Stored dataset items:
━━━━
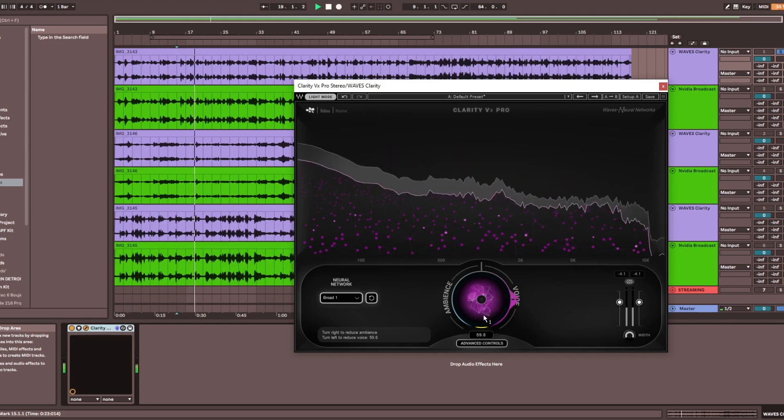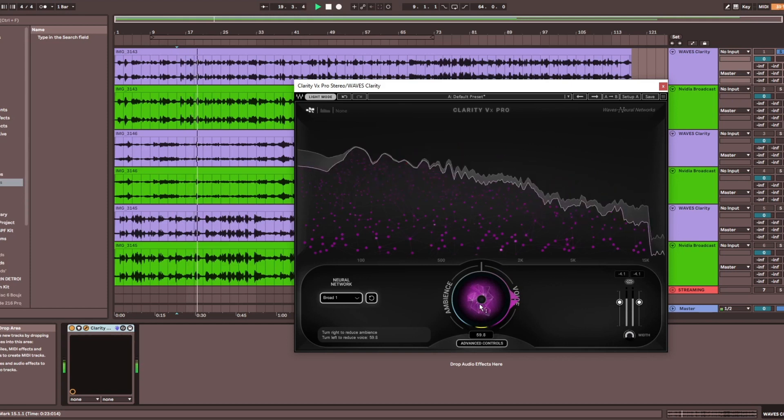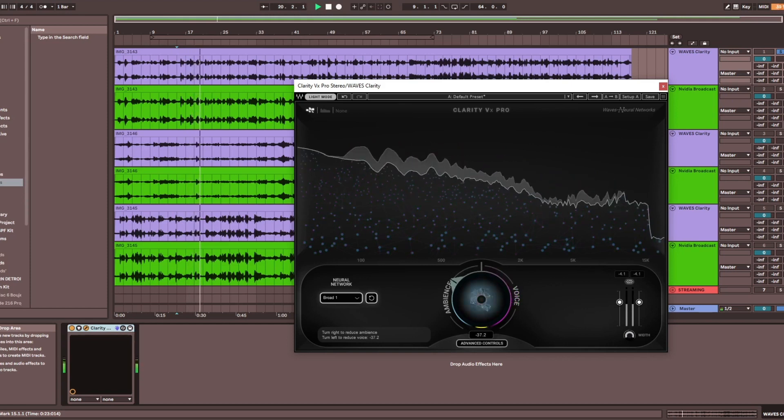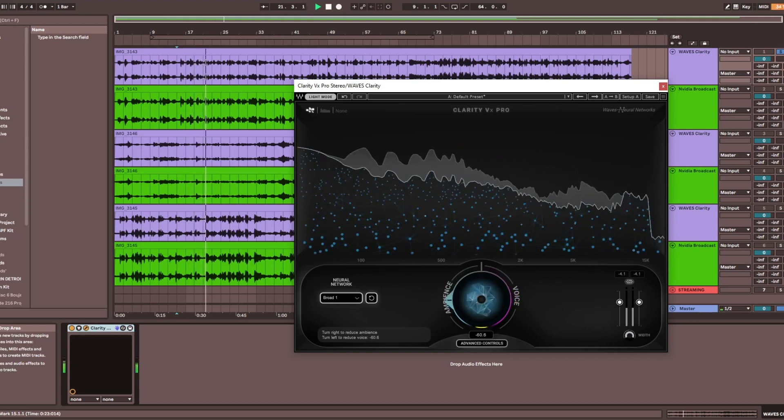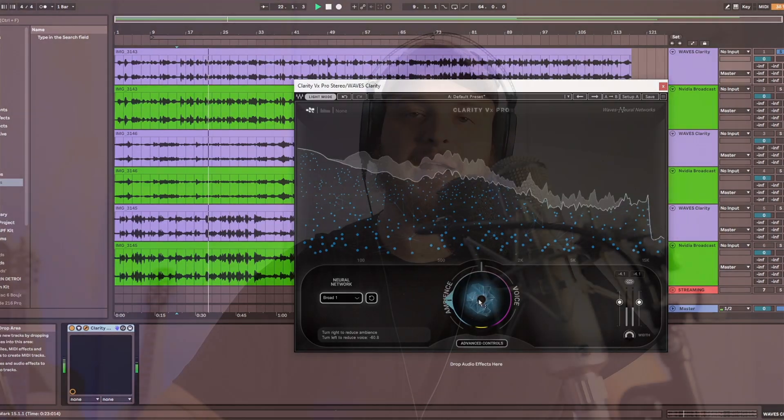Depending on the audio source, sound quality can differ greatly, so it's always good to have one of these noise reduction tools in your back pocket just in case.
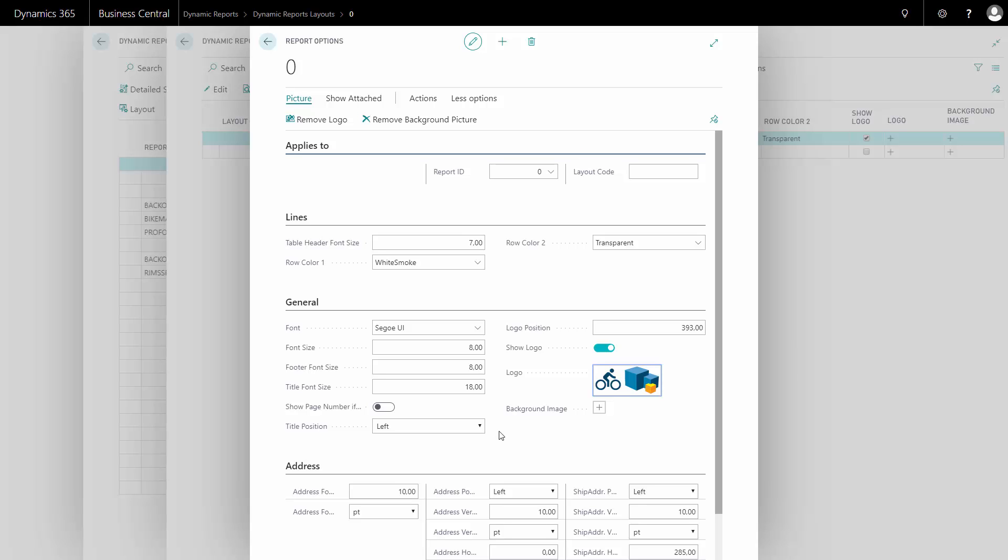As a standard, the logo is shown on the right-hand side of the document, leaving the title of the document to be on the left-hand side.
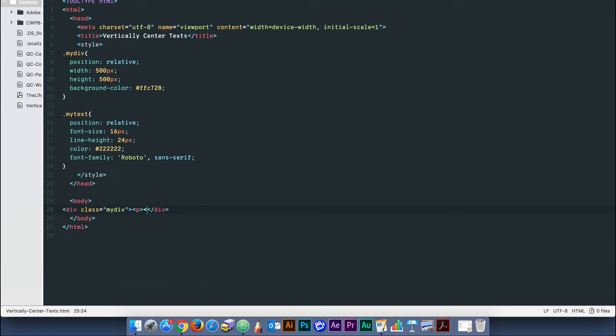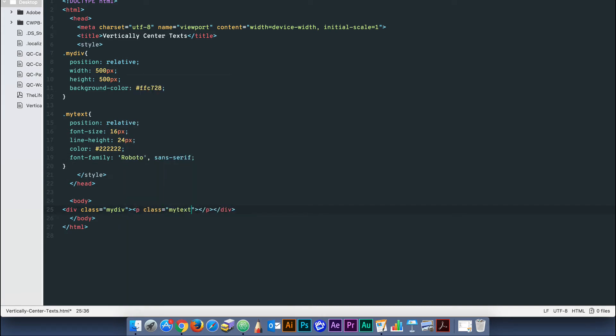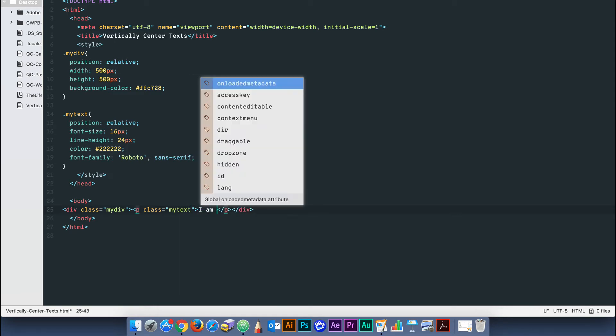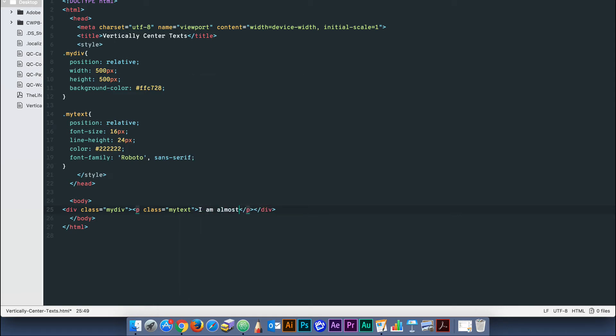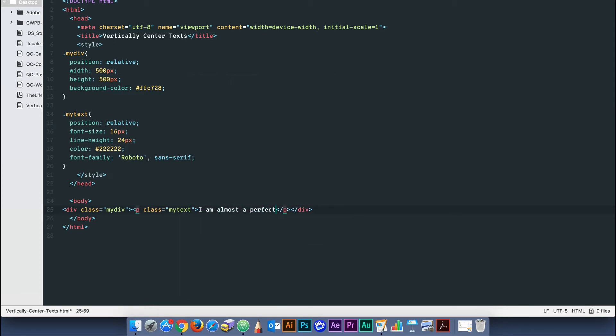We'll then add the text to our HTML by giving our paragraph the class myText and type out a few words within the paragraph.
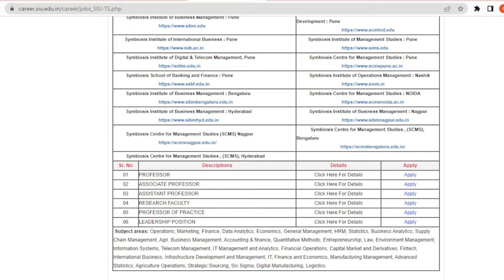Now for the faculty of management, there are also openings. The cities include Pune, Nasik, Nagpur, Noida, Bangalore, and Hyderabad. For example, International Business in Pune, Operations Management in Nasik, and Management Studies in Noida. You can check the institutes and courses on the website.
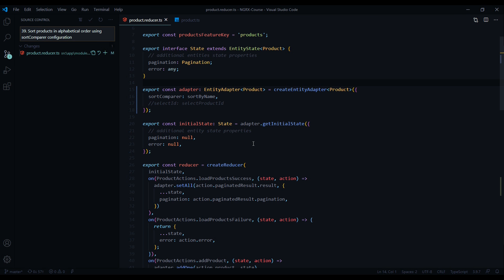Now in the next video, let's select an entity from our store by its id.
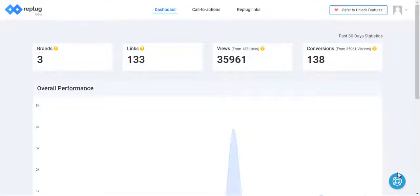I am inside the Replug app. This is the dashboard where you can quickly see how your links are performing.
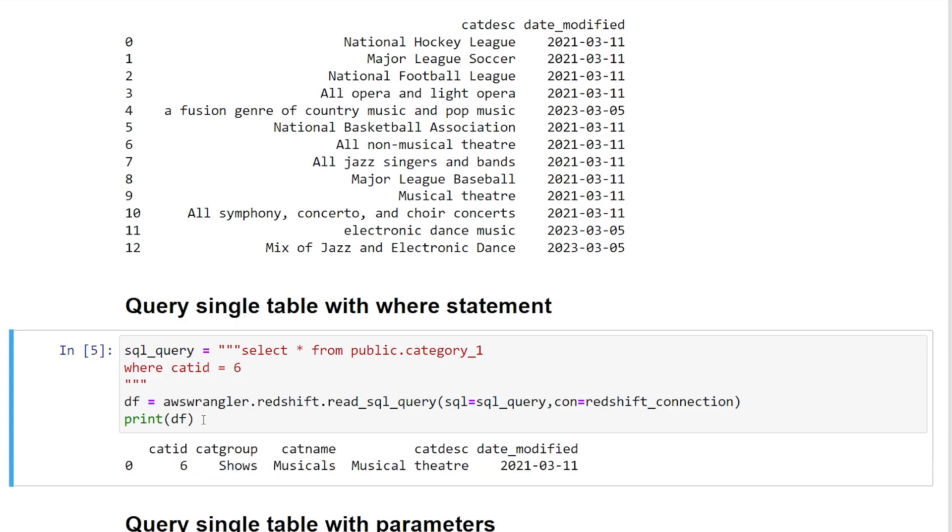we should see we're only getting one record or any records where the category ID is equal to 6. So now what we see here is our pandas data frame is only returning one record. And you can see that it is musicals. The category name is musicals related to theater.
━━━━
Copy the records above exactly, leaving out every picture.

Depending on the audio source, sound quality can differ greatly, so it's always good to have one of these noise reduction tools in your back pocket just in case.
As a standard, the logo is shown on the right-hand side of the document, leaving the title of the document to be on the left-hand side.
We'll then add the text to our HTML by giving our paragraph the class myText and type out a few words within the paragraph.
Now for the faculty of management, there are also openings. The cities include Pune, Nasik, Nagpur, Noida, Bangalore, and Hyderabad. For example, International Business in Pune, Operations Management in Nasik, and Management Studies in Noida. You can check the institutes and courses on the website.
Now in the next video, let's select an entity from our store by its id.
I am inside the Replug app. This is the dashboard where you can quickly see how your links are performing.
we should see we're only getting one record or any records where the category ID is equal to 6. So now what we see here is our pandas data frame is only returning one record. And you can see that it is musicals. The category name is musicals related to theater.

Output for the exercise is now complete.